COLLECTED MATERIAL:
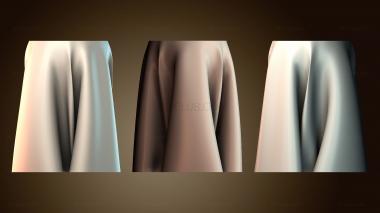 3D модель Драпировка из струящейся ткани (STL)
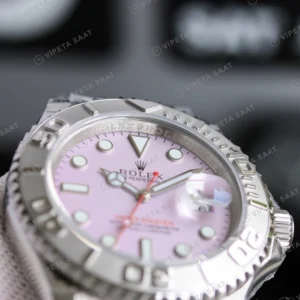 Rolex Yacht-Master Pembe Super Clone ETA Saat karşıdan görünüm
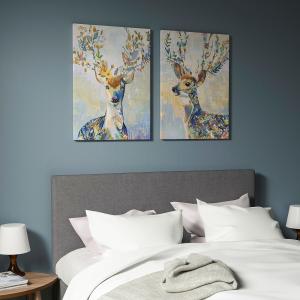IKEA - cuadro, reno coloreado, 50x70 cm reno coloreado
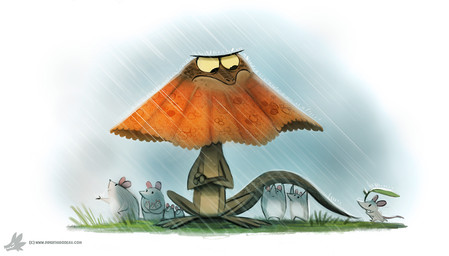 ambiguous_feral ambiguous_gender annoyed black_eyes brown_body brown_scales dot_eyes feral fur grass grey_body grey_fur group humor plant pun raining running scales simple_eyes tan_body tan_scales text visual_pun white_body white_fur yellow_eyes young piper_thibodeau lizard mammal mouse murid murine reptile rodent scalie 2015 digital_media_(artwork) digital_painting_(artwork) painting_(artwork) url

TASK TO COMPLETE: Print, exactly, each line above from the one with "Rolex Yacht-Master Pembe" to the one with "IKEA - cuadro, reno", end lines included. Leave pictures out of it.

WRITTEN REPLY:
 Rolex Yacht-Master Pembe Super Clone ETA Saat karşıdan görünüm
IKEA - cuadro, reno coloreado, 50x70 cm reno coloreado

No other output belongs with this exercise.